For ella, "while you're going to have to go and get a prescription for it, it gives you a little bit more leeway in terms of putting your ability to put your life on hold and get this healthcare need taken care of," said Amy Allina, program and policy director for the National Women's Health Network.
Cost is also an issue. With Plan B sold over the counter, most women have to pay for the drug themselves -- roughly $50 -- rather than have their health insurance cover it, Allina said.
Anti-abortion groups oppose HRA Pharma's drug, saying it is closer chemically to mifepristone than Plan B and pressing the FDA to reject the product.
Like mifepristone, ella is a type of drug known as a selective progesterone receptor modulator (SPRM) that interferes with the hormone progesterone, which is critical for pregnancy.
If it is approved, it should be clearly labeled as an abortifacient, which would limit its distribution, the American Association of Pro Life Obstetricians & Gynecologists said in a letter to the FDA earlier this month.
"There is no doubt that ulipristal acts an abortifacient because the drug blocks progesterone receptors at three critical areas," an action that "interferes with the hormone action of progesterone to prepare the endometrium for implantation and to support the early pregnancy," the group wrote.
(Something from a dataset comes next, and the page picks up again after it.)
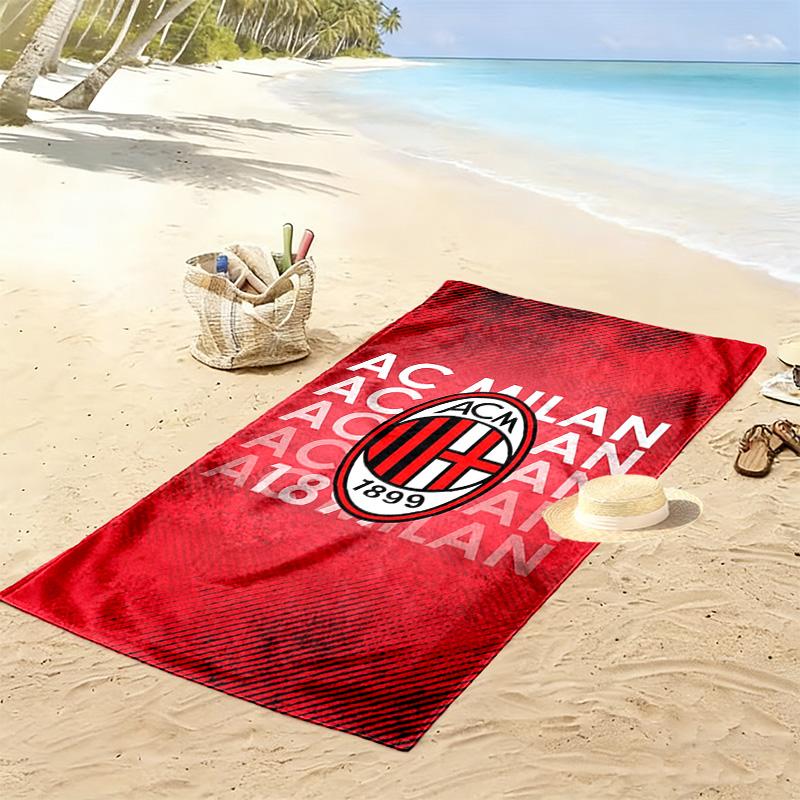 Asciugamano da Spiaggia Stampa AC Milan, Asciugamano Grande Morbido Asciugatura Rapida per Spiaggia Campeggio Nuoto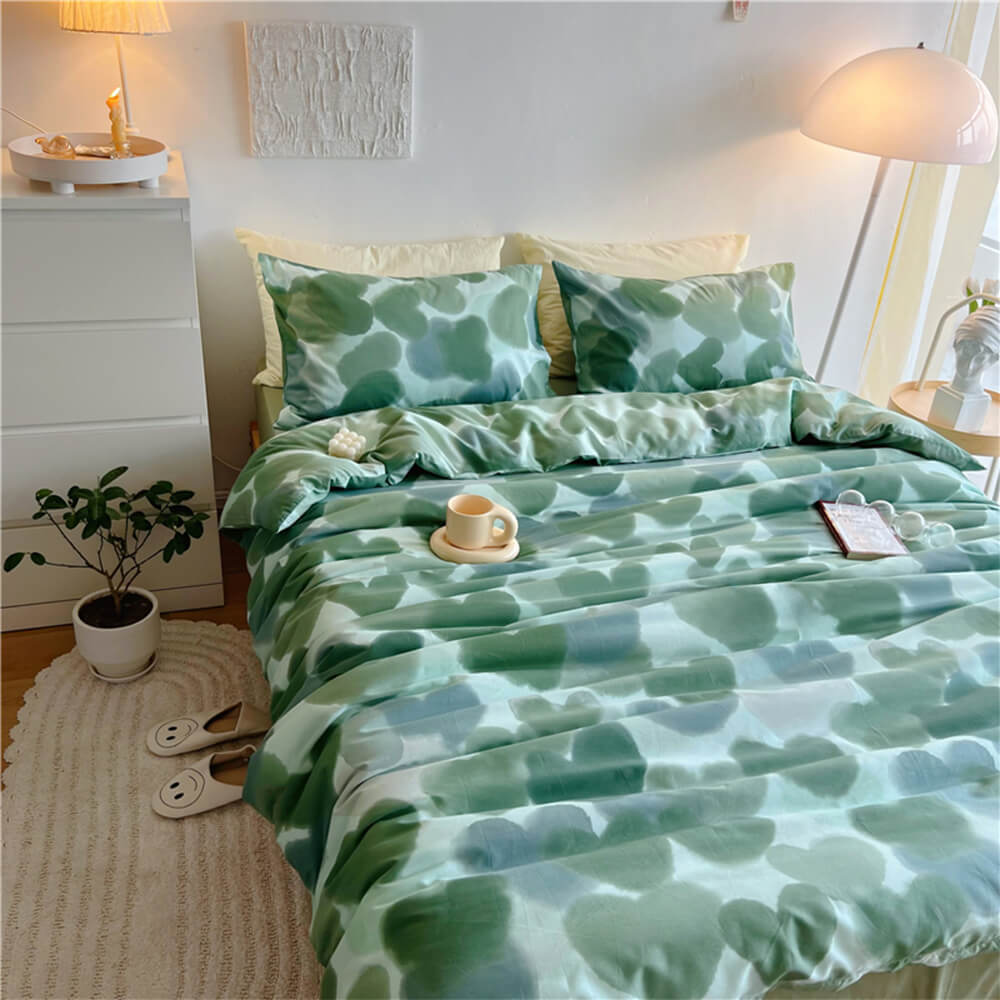 Watercolour Heart Gradient Cotton Duvet Cover Bed Sheet Set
Proponents agree that ella is similar chemically to mifepristone but say the dose given does not interfere with a pregnancy already underway.
"There's just no evidence that it causes abortion," said Baylor College of Medicine professor Paul Fine, who also serves as medical director for Planned Parenthood in Houston and Southeast Texas.
On Thursday, the FDA's advisers will weigh HRA Pharma's data and offer recommendations before the agency later makes its approval decision.
Watson shares were up 50 cents, or 1.2 percent, to $43.20 in morning trade. Teva shares were up 6 cents to $53.34 in New York.